• [Task item]:
The copy you produce must hold every record exactly, and none of the images.

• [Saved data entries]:
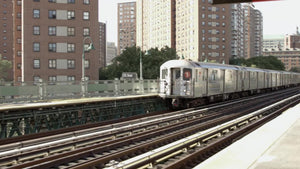 1 Train entering elevated 125th street station in Harlem NYC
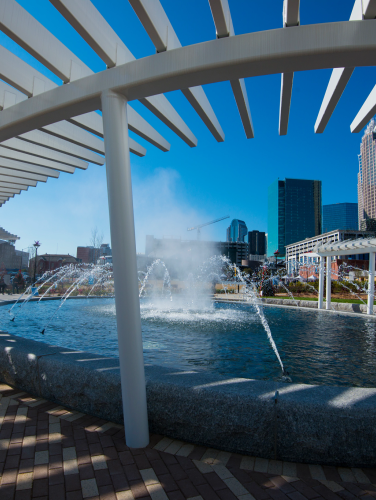 The First Ward Park fountain with the Charlotte skyline in the background. Dec. 2015.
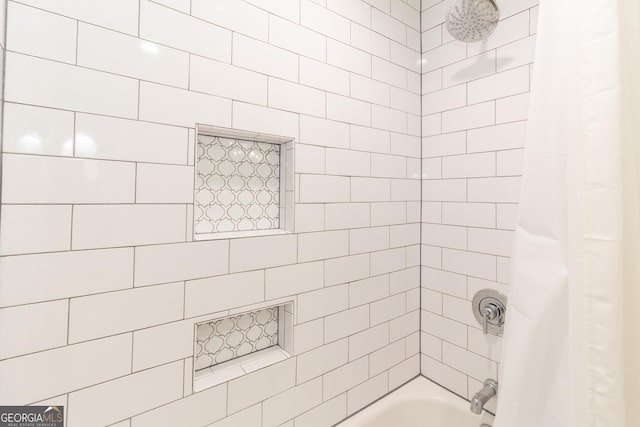 bathroom featuring shower / bathtub combination with curtain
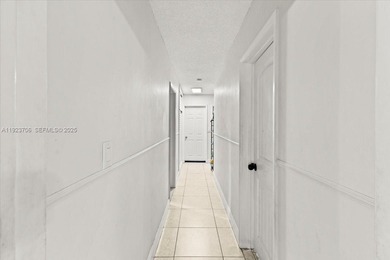 Welcome home, to your spacious 4-bedroom, 2-bath pool home in on Sunrise Country Club in Florida - for sale on GolfHomes.com, golf home, golf lot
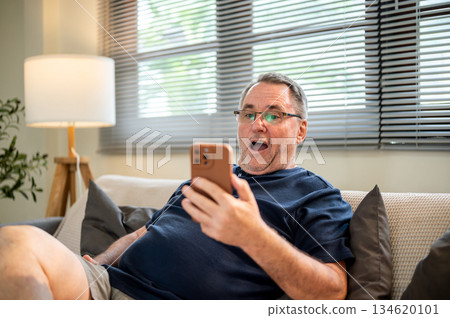 Old white caucasian man wearing glasses looking excited at phone in hand as sitting on sofa in house Old white caucasian man wearing glasses looking excited at phone in hand as sitting on sofa in house 134620101
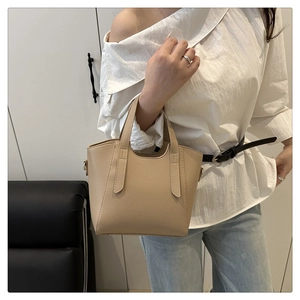 Detailed view of beige pebble leather tote bag with reinforced handles and metal D-rings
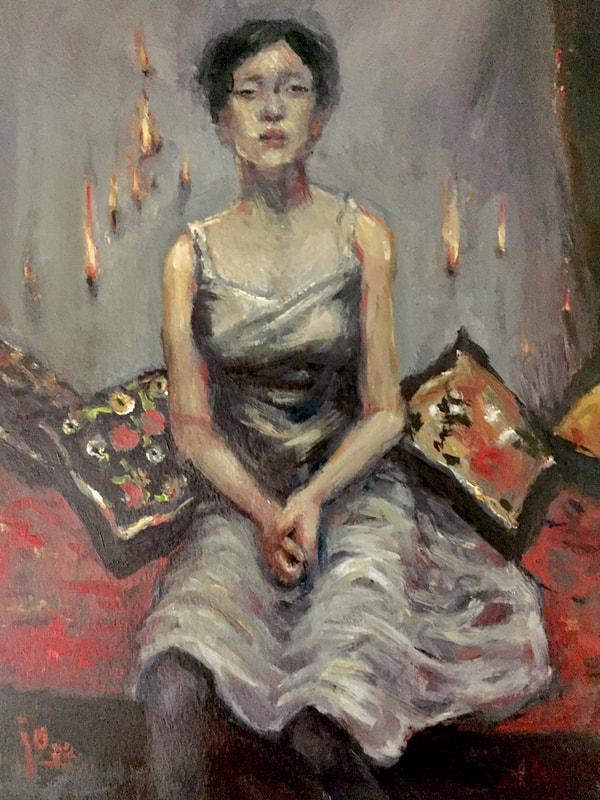 Painting of an Asian woman short dark hair, wearing a grey party dress, hands in lap, seated on a bench with red Persian rug and Chinese pillows. Behind is a grey drop cloth, which has caught on fire in places. 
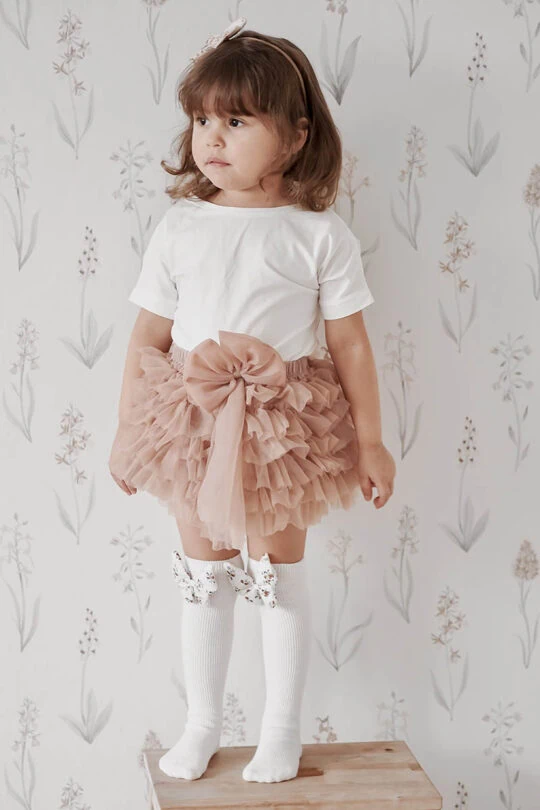 Niña con pantalón corto rosa con volantes y calcetines blancos de niña con lazo de mariposa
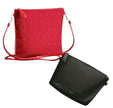 Red geometric-patterned crossbody bag and black pouch on a white background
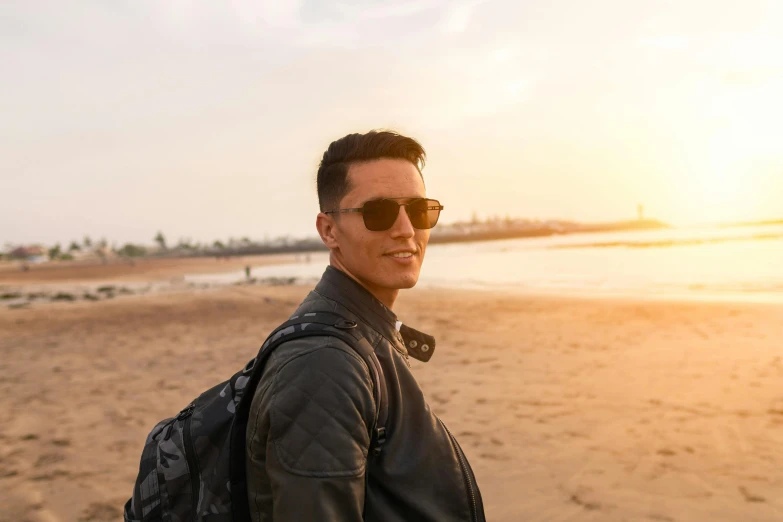 a man standing on top of a sandy beach, wearing shades, an epic non - binary model, a man wearing a backpack, profile image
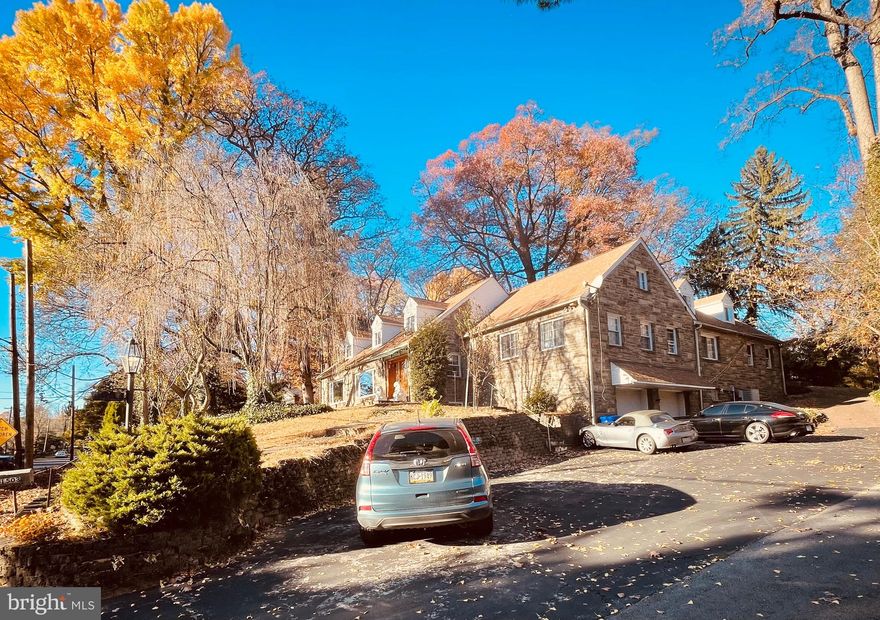 Welcome Home to a Stunning Elkins Park Nestled on a generous ¾-acre lot, this magnificent stone Cape Cod home combines timeless charm with modern amenities. Boasting approximate 6,000 square feet of living space, this property offers everything you need for comfort, entertaining, and relaxation—all within the coveted Montgomery County school district. Property Highlights • 6 bedrooms and 3.5 bathrooms • Gleaming hardwood floors throughout • 3 fireplaces for cozy gatherings • 12’ deep pool with a vintage pool house • Expansive media room with wet bar and scenic views • Spacious finished basement with hobby room, laundry, and garage access Main Floor Features Step inside to discover a welcoming layout perfect for both everyday living and entertaining. The large eat-in kitchen is the heart of the home, offering ample space for family meals or hosting guests. The living and dining rooms feature rich hardwood floors and oversized windows, creating a bright and inviting atmosphere. The primary bedroom suite offers a serene retreat, complete with his-and-hers closets and an en suite bathroom. Additional bedrooms on the main and upper floors provide plenty of flexibility, with ample hallway closet storage throughout. Media Room for Entertaining Above the main floor, the spacious media room is a true showstopper. Featuring: • A fireplace • A bar with seating for 8 • Stunning views of the landscaped property This is the ultimate space for movie nights, game days, or social gatherings. Outdoor Living at Its Best The charm of this home extends outdoors, where a stone patio invites you to enjoy al fresco dining or relaxation three seasons of the year. Follow the pathway to the tranquil pool, a serene oasis tucked away for privacy. Adjacent to the pool, the two-room pool house remains virtually untouched, showcasing its original mid-century tiled showers. Finished Basement and Garage The finished basement offers a cozy fireplace, a dedicated laundry room, and a versatile hobby room. It also provides direct access to the oversized two-car garage, ensuring convenience and additional storage space. Don’t miss the opportunity to own this extraordinary property in Elkins Park. With its perfect blend of historic charm, modern amenities, and outdoor beauty, this home truly has it all.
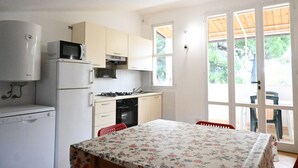 A compact kitchen with a refrigerator, microwave, stove, and oven. There is a dining table with a floral tablecloth and a chair. - M437 – Marcelli, two-room apartment with air conditioning (Marcelli)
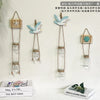 Three decorative glass terrariums with bird-shaped elements hanging on a white wall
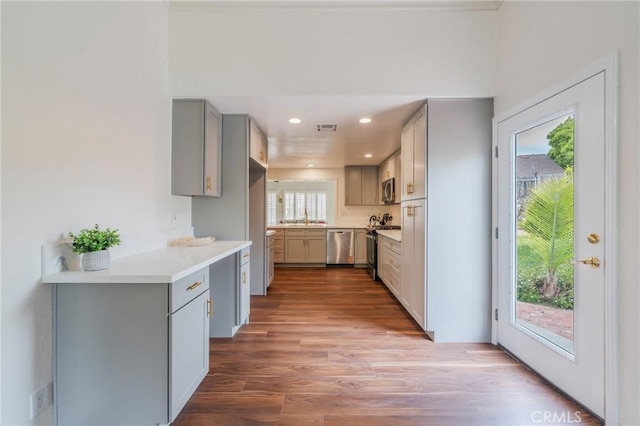 4397 N Skylark Ct, Moorpark, CA 93021 - kitchen featuring visible vents, wood finished floors, gray cabinetry, light countertops, and stainless steel appliances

• [Exercise solution]:
 1 Train entering elevated 125th street station in Harlem NYC
 The First Ward Park fountain with the Charlotte skyline in the background. Dec. 2015.
 bathroom featuring shower / bathtub combination with curtain
 Welcome home, to your spacious 4-bedroom, 2-bath pool home in on Sunrise Country Club in Florida - for sale on GolfHomes.com, golf home, golf lot
 Old white caucasian man wearing glasses looking excited at phone in hand as sitting on sofa in house Old white caucasian man wearing glasses looking excited at phone in hand as sitting on sofa in house 134620101
 Detailed view of beige pebble leather tote bag with reinforced handles and metal D-rings
 Painting of an Asian woman short dark hair, wearing a grey party dress, hands in lap, seated on a bench with red Persian rug and Chinese pillows. Behind is a grey drop cloth, which has caught on fire in places. 
 Niña con pantalón corto rosa con volantes y calcetines blancos de niña con lazo de mariposa
 Red geometric-patterned crossbody bag and black pouch on a white background
 a man standing on top of a sandy beach, wearing shades, an epic non - binary model, a man wearing a backpack, profile image
 Welcome Home to a Stunning Elkins Park Nestled on a generous ¾-acre lot, this magnificent stone Cape Cod home combines timeless charm with modern amenities. Boasting approximate 6,000 square feet of living space, this property offers everything you need for comfort, entertaining, and relaxation—all within the coveted Montgomery County school district. Property Highlights • 6 bedrooms and 3.5 bathrooms • Gleaming hardwood floors throughout • 3 fireplaces for cozy gatherings • 12’ deep pool with a vintage pool house • Expansive media room with wet bar and scenic views • Spacious finished basement with hobby room, laundry, and garage access Main Floor Features Step inside to discover a welcoming layout perfect for both everyday living and entertaining. The large eat-in kitchen is the heart of the home, offering ample space for family meals or hosting guests. The living and dining rooms feature rich hardwood floors and oversized windows, creating a bright and inviting atmosphere. The primary bedroom suite offers a serene retreat, complete with his-and-hers closets and an en suite bathroom. Additional bedrooms on the main and upper floors provide plenty of flexibility, with ample hallway closet storage throughout. Media Room for Entertaining Above the main floor, the spacious media room is a true showstopper. Featuring: • A fireplace • A bar with seating for 8 • Stunning views of the landscaped property This is the ultimate space for movie nights, game days, or social gatherings. Outdoor Living at Its Best The charm of this home extends outdoors, where a stone patio invites you to enjoy al fresco dining or relaxation three seasons of the year. Follow the pathway to the tranquil pool, a serene oasis tucked away for privacy. Adjacent to the pool, the two-room pool house remains virtually untouched, showcasing its original mid-century tiled showers. Finished Basement and Garage The finished basement offers a cozy fireplace, a dedicated laundry room, and a versatile hobby room. It also provides direct access to the oversized two-car garage, ensuring convenience and additional storage space. Don’t miss the opportunity to own this extraordinary property in Elkins Park. With its perfect blend of historic charm, modern amenities, and outdoor beauty, this home truly has it all.
 A compact kitchen with a refrigerator, microwave, stove, and oven. There is a dining table with a floral tablecloth and a chair. - M437 – Marcelli, two-room apartment with air conditioning (Marcelli)
 Three decorative glass terrariums with bird-shaped elements hanging on a white wall
 4397 N Skylark Ct, Moorpark, CA 93021 - kitchen featuring visible vents, wood finished floors, gray cabinetry, light countertops, and stainless steel appliances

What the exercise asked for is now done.